Bio

I remember being about ten years old and becoming obsessed with the idea that if I was thinking with my brain, I ought to be able to think how it works! I’ve been trying to wrap my mind around reality (and our experiencing of it) ever since. I made a career out of anthropology—that utterly boundless science of humankind and how we got here—and then sidestepped into Buddhist philosophy and then art and photography and writing stories that tend to fall somewhere in the neighborhood of speculative and/or science fiction. I’m a big fan of Ursula Le Guin.

In my current series (EarthCycles), I’ve imagined a far future world in which survivors of a global apocalypse evolve new ways of being human. Not altogether new, of course. More like rearrangements of different aspects of our inherent human potential. The first volume of EarthCycles, Song of All Songs, was awarded the 2020 silver medal by Self Publishing Review. The book introduces a mixed race main character making her unique way through a deeply conflicted world. The second book in the series, Book of All Time, is set for release somewhere around mid-2021.

My first series (Recall Chronicles) is set in a hauntingly familiar 22nd-century world in which nobody grows old, an achievement that turns out to be not nearly so utopian as you might expect. Each volume tells the story of a different character’s experience of the same world, but with some of the same characters turning up in all the books.

There’s also a stand-alone contemporary fiction book, Not Knowing, that explores intergenerational PTSD in the life of an archaeologist working in Belize. Yes, I worked (as an ethnologist) in Belize for many years, so there’s a lot of my heart in this one.

I used to get out and about in Austin, participating in writing events and art events, and I hope to be able to do that again, as soon as we get this whole pandemic thing sorted out. (Wear your damn mask and get your damn vaccine!)

Before anthropology, I was a newspaper reporter, and beyond anthropology I studied Buddhist philosophy (and practice) and then became an artist and photographer. As an artist, I’m largely self-taught and my work has been primarily in acrylics on handmade Nepali lokta paper. I maintained an art studio in East Austin for a number of years, participating in EAST Austin Studio Tours from 2011 through 2014. My primary photographic interest is in Miksang contemplative photography. 
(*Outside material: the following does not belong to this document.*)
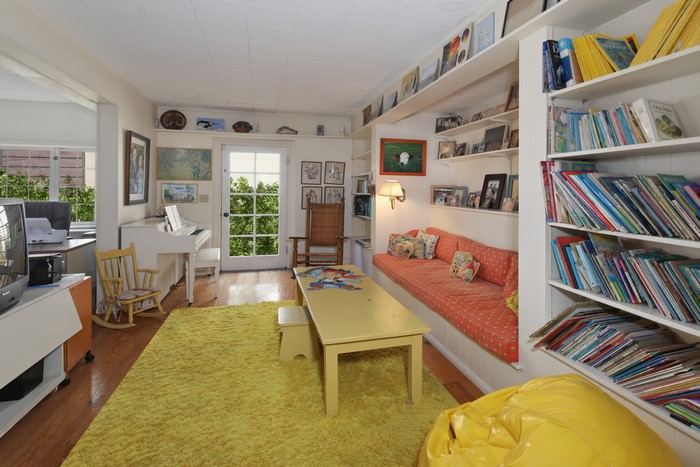 Living room with piano, sofa, and bookshelves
My paintings and photographs have been displayed at ASmith photographic gallery in Johnson City, Austin Bergstrom International Airport (February 15 – May 20, 2014), Glovinsky Gallery in Denver, CO, Dragonfly Gallery (Austin), Gallery Black Lagoon (Austin), The Art Studio Inc. (Beaumont), and Frederick Gallery (Fredericksburg, VA). My work was included in St. Louis Women’s Caucus for Art catalog of “Contemporary Women Artists XVI: Longevity.”

I earned my Ph.D. in anthropology from Southern Methodist University and previously taught at Lamar University in Beaumont, Texas.